Affinities between Sadi and Victor Hugo discussed at Tehran meeting
TEHRAN – A number of Persian scholars gathered at the Book City Institute in Tehran on Tuesday to discuss the commonalities between the Persian poet Sadi (C. 1213-1291) and French poet and novelist Victor Hugo (1802-1885).
Speaking at the meeting, scholar Mir Jalaleddin Kazzazi said that he believes those who have read books written by Hugo agree that Hugo can be called the Sadi of France.
“We might not find clear connections between the two since each belongs to a different culture and history. However, if we look deeply we can find connections and that they both have had the same attitudes towards mankind,” he said.

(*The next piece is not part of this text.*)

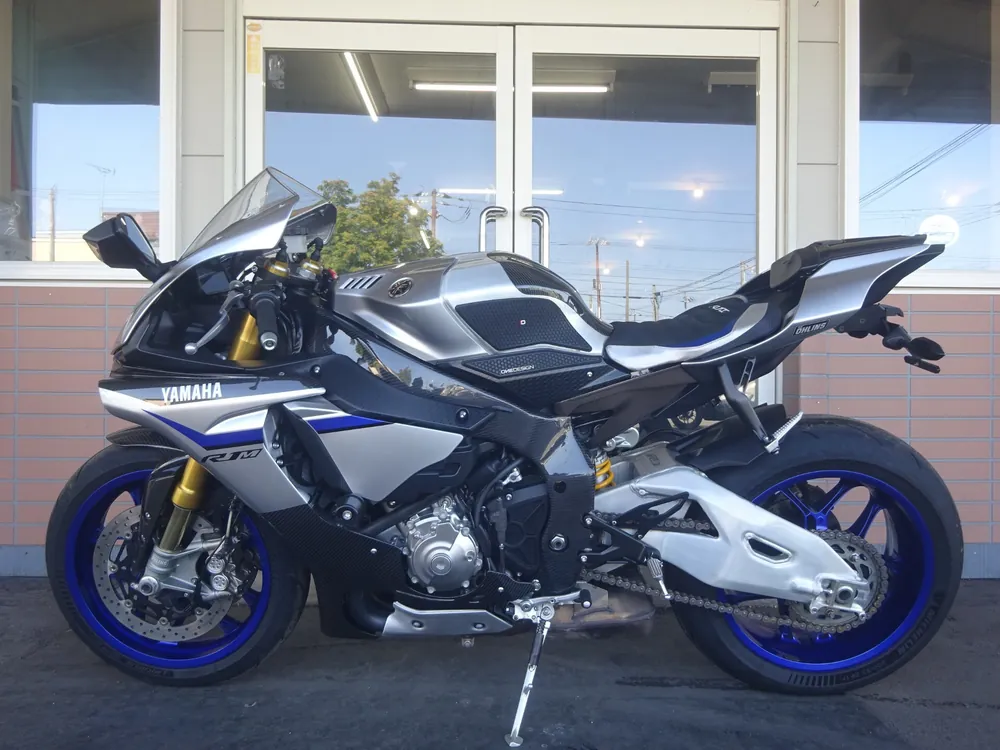 Yamaha YZF-R1M 2017, серебристый, фото 3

“They both think of man and feel for him. Victor Hugo also liked people. He also wished that man could live a better life as he deserves. Those who read Hugo also agree with me that we can call Hugo the Sadi of France. His writings are not hard, he follows art to respect art; however, for him, art is to respect people,” he added.
The Academy of Persian Language and Literature director Gholam-Ali Haddad-Adel next said that all writers, poets and cultural figures have made great use of Sadi’s Gulistan (The Rose Garden).
“The role of Gulistan in reinforcing the Persian language and literature in the minds and spirits of the Persian-speaking nations and especially Iranians is like the role of the breast milk of a mother. That is if an individual has not read Gulsitan in Persian literature, he is like a child who has not been fed with breast milk,” he said.
In his brief words the director of the Center for the Study of Sadi, Kurosh Kamali Sarvestani, said that what mostly has attracted the people of the West to Sadi are his moral teachings. “He is a world-famous poet who talks about the world’s ideas,” he remarked.
The two-day meeting was organized by the Sadi Foundation in Tehran and Iran’s cultural office in France in collaboration with the Paris Diderot University to commemorate Iran’s Sadi National Day (April 21).
Victor Hugo is considered one of the greatest and best-known French writers. He is mostly famous for his novels “Les Miserables” and “The Hunchback of Notre-Dame”.
One of the greatest figures of classical Persian literature, Sheikh Muslih ud-Din Sadi Shirazi is famous worldwide for his Bustan (The Orchard) and Gulistan (The Rose Garden).
Photo: Persian literature scholar Mir Jalaleddin Kazzazi (C) speaks during a meeting on Sadi and Victor Hugo at the Book City Institute in Tehran on April 18, 2017.